Stuffed olives – those popular cocktail – hour appetisers- are usually stoned and stuffed by machines. The pimiento (red pepper) filling is a kind of paste, made by mixing the pimiento with a gelling agent.

The olives are aligned in rows on a perforated conveyor belt, and the stones removed by an automatic machine head, rather like a dentist’s drill. A nozzle then pumps the pimiento paste into the drilled hole in the olives.
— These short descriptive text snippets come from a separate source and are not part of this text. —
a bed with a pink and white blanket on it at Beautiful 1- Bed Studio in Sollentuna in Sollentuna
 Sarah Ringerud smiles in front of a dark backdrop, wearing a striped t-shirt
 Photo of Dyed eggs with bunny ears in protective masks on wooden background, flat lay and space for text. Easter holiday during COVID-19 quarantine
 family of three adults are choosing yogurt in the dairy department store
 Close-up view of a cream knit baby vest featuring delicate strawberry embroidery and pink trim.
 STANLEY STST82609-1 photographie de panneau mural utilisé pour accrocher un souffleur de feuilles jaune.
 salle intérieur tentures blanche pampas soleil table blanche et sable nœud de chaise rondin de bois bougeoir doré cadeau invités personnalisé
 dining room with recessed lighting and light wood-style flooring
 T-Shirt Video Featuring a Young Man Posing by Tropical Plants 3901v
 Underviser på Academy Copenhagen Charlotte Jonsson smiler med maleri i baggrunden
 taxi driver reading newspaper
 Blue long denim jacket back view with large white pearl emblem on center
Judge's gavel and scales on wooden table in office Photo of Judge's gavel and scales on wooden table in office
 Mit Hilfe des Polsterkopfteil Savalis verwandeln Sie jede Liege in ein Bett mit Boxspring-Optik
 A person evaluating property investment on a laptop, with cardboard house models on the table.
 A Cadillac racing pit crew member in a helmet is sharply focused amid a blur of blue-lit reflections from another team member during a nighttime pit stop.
The stones are later ground and used for animal feed – or to produce a low-grade oil.

Some high quality stuffed olives, containing anchovy, smoked salmon, chopped almonds or other nut fillings, are stoned with handheld scoop and then filled by hand.

Olive stuffing machines can process 1800 olives a minute. Manual olive stuffers mostly in Portugal can average only around 18 a minute, and a poorly paid.

Olives are grown around the Mediterranean, and in Peru, Chile, California, British Columbia and Australia. The green variety, preferable for stuffing because of their firmer texture, are the unripe fruit.

Before the stuffing process, olives are soaked in the solution of sodium hydroxide (caustic soda), which reduces their bitter flavour. Then, after washing in water, they are immersed in brine with added lactic acid to neutralise any remaining alkali. While soaking they are allowed to ferment, which encourages harmless bacteria and yeast to grow to achieve the correct characteristic flavour and texture.